1: Basic Building Blocks 2: Workspace and Files 3: Sequences of Numbers
4: Vectors 5: Missing Values 6: Subsetting Vectors
7: Matrices and Data Frames 8: Logic 9: Functions
10: lapply and sapply 11: vapply and tapply 12: Looking at Data
13: Simulation 14: Dates and Times 15: Base Graphics

Selection: 15

| One of the greatest strengths of R, relative to other programming languages, is the
| ease with which we can create publication-quality graphics. In this lesson, you'll
| learn about base graphics in R.

| We do not cover the more advanced portions of graphics in R in this lesson. These
| include lattice, ggplot2 and ggvis.

| There is a school of thought that this approach is backwards, that we should teach
| ggplot2 first. See http://varianceexplained.org/r/teach_ggplot2_to_beginners/ for an
| outline of this view.

| Load the included data frame cars with data(cars).

data(cars)

| To fix ideas, we will work with simple data frames. Our main goal is to introduce
| various plotting functions and their arguments. All the output would look more
| interesting with larger, more complex data sets.

| Pull up the help page for cars.

?cars

| As you can see in the help page, the cars data set has only two variables: speed and
| stopping distance. Note that the data is from the 1920s.

| Run head() on the cars data.

speed dist
1 4 2
2 4 10
3 7 4
4 7 22
5 8 16
6 9 10

| Before plotting, it is always a good idea to get a sense of the data. Key R commands
| for doing so include, dim(), names(), head(), tail() and summary().

| Run the plot() command on the cars data frame.

plot(cars)

| As always, R tries very hard to give you something sensible given the information that
| you have provided to it. First, R notes that the data frame you have given it has just
| two columns, so it assumes that you want to plot one column versus the other.

| Second, since we do not provide labels for either axis, R uses the names of the
| columns. Third, it creates axis tick marks at nice round numbers and labels them
| accordingly. Fourth, it uses the other defaults supplied in plot().

| We will now spend some time exploring plot, but many of the topics covered here will
| apply to most other R graphics functions. Note that 'plot' is short for scatterplot.

| Look up the help page for plot().

?plot

| The help page for plot() highlights the different arguments that the function can take.
| The two most important are x and y, the variables that will be plotted. For the next
| set of questions, include the argument names in your answers. That is, do not type
| plot(cars$speed, cars$dist), although that will work. Instead use plot(x = cars$speed, y = cars$dist).

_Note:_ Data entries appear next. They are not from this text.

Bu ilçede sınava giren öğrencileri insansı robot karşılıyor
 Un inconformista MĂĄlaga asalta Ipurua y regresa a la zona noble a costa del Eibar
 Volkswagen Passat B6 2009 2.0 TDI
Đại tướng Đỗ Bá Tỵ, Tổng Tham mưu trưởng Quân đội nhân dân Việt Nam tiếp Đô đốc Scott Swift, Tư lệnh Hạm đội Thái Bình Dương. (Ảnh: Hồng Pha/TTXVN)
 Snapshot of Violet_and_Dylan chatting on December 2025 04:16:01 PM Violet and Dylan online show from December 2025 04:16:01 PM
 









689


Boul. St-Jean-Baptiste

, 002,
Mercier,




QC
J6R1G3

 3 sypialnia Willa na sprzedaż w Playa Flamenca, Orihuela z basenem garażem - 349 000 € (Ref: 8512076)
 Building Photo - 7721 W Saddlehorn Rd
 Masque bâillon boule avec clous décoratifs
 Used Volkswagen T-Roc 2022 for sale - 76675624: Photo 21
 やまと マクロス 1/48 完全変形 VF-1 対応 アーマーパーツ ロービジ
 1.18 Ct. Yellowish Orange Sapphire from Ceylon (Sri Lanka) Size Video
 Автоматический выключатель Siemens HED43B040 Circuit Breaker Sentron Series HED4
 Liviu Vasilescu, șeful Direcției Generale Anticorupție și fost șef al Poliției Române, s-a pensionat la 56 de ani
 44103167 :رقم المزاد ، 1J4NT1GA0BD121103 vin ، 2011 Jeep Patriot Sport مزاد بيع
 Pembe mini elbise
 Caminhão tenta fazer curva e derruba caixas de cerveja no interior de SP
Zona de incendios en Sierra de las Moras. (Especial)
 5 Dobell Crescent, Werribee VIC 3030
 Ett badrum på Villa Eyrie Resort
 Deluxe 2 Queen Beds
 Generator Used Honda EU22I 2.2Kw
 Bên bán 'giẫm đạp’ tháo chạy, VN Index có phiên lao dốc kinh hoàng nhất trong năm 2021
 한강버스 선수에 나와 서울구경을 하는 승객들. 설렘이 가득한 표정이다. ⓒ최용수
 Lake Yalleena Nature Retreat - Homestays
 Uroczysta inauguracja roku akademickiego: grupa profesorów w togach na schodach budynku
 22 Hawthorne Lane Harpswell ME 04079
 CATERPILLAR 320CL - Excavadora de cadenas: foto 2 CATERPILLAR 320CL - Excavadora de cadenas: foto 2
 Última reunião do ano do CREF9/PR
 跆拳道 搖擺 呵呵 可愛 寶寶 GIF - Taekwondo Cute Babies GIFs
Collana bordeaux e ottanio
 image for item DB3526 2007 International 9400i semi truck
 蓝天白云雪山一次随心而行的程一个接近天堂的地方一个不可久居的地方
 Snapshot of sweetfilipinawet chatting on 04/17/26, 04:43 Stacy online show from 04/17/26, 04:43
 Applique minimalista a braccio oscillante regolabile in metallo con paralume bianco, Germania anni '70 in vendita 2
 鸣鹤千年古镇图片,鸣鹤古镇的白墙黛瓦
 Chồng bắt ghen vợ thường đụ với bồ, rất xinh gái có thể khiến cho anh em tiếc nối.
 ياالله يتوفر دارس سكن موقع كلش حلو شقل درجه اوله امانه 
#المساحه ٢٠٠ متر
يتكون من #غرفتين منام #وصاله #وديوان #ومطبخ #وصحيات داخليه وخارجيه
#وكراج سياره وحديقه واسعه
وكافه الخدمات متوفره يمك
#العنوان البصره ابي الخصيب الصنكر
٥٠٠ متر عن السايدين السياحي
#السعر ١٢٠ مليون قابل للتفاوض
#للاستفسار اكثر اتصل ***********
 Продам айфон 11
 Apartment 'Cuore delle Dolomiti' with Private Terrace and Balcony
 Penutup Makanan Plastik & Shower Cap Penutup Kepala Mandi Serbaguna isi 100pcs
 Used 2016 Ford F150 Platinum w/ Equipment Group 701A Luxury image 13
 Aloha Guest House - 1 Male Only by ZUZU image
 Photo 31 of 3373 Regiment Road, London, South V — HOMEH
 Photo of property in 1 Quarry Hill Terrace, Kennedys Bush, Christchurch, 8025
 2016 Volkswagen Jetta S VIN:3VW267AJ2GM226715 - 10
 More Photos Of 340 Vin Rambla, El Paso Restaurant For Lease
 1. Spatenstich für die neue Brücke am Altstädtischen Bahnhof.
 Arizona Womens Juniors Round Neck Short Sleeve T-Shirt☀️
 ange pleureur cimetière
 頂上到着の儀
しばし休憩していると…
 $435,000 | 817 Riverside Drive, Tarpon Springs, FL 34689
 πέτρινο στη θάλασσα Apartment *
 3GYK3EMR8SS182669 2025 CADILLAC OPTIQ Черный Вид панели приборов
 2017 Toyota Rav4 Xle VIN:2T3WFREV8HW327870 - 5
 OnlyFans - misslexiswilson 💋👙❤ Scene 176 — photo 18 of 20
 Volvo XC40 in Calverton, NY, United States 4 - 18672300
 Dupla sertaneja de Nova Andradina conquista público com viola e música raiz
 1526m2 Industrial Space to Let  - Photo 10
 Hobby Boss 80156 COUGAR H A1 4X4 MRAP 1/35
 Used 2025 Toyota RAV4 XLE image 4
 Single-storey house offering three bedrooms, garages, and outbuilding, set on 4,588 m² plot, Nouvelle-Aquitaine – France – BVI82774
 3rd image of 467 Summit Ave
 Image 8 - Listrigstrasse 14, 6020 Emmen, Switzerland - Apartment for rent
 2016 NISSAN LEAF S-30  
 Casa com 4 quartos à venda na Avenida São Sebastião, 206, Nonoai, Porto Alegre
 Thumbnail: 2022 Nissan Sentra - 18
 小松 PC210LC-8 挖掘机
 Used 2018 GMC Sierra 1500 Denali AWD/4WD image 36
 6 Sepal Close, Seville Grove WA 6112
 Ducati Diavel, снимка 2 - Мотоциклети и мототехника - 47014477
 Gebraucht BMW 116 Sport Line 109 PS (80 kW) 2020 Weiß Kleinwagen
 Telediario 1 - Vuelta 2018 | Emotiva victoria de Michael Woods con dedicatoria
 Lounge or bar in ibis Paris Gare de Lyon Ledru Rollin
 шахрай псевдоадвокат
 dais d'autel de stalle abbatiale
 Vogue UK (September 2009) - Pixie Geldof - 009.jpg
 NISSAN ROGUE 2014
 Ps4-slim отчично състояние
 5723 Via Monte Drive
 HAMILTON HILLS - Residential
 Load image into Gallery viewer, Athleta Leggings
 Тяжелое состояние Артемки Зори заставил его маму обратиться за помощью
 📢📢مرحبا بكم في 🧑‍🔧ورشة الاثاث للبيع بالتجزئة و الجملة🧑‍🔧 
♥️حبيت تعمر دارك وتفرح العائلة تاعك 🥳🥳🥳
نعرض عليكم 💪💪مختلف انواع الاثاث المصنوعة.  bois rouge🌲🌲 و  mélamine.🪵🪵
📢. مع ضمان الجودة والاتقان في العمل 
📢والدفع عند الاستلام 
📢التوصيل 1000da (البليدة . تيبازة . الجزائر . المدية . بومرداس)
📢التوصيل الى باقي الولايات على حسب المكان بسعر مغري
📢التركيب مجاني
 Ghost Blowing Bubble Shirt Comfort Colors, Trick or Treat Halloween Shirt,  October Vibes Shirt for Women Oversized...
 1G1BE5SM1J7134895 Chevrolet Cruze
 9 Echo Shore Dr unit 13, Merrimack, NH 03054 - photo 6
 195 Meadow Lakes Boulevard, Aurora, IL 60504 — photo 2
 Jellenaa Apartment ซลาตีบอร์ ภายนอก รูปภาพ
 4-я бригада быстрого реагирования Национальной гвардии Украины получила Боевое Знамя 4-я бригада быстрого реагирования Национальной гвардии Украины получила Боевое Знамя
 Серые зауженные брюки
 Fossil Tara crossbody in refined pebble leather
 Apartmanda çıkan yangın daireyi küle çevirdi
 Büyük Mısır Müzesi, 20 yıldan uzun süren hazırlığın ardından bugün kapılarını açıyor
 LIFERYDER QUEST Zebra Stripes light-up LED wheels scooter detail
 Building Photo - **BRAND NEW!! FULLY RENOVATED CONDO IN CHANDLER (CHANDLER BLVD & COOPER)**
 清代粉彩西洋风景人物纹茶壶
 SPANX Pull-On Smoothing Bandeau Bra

| Use plot() command to show speed on the x-axis and dist on the y-axis from the cars
| data frame. Use the form of the plot command in which vectors are explicitly passed in
| as arguments for x and y.

plot(x=cars$speed,y=cars$dist)

| Note that this produces a slightly different answer than plot(cars). In this case, R is
| not sure what you want to use as the labels on the axes, so it just uses the arguments
| which you pass in, data frame name and dollar signs included.

| Note that there are other ways to call the plot command, i.e., using the "formula"
| interface. For example, we get a similar plot to the above with plot(dist ~ speed,
| cars). However, we will wait till later in the lesson before using the formula
| interface.

| Use plot() command to show dist on the x-axis and speed on the y-axis from the cars
| data frame. This is the opposite of what we did above.

plot(x=cars$dist,y=cars$speed)

| It probably makes more sense for speed to go on the x-axis since stopping distance is a
| function of speed more than the other way around. So, for the rest of the questions in
| this portion of the lesson, always assign the arguments accordingly.

| In fact, you can assume that the answers to the next few questions are all of the form
| plot(x = cars$speed, y = cars$dist, ...) but with various arguments used in place of
| the ...

| Recreate the plot with the label of the x-axis set to "Speed".

plot(x=cars$speed,y=cars$dist,xlab="Speed")

| Recreate the plot with the label of the y-axis set to "Stopping Distance".

plot(x=cars$speed,y=cars$dist,xlab="Speed",ylab="Stopping Distance")

| Type plot(x = cars$speed, y = cars$dist, ylab = "Stopping Distance") to create the
| plot.

plot(x=cars$speed,y=cars$dist,ylab="Stopping Distance")

| Recreate the plot with "Speed" and "Stopping Distance" as axis labels.

plot(x=cars$speed,y=cars$dist,xlab="Speed",ylab="Stopping Distance")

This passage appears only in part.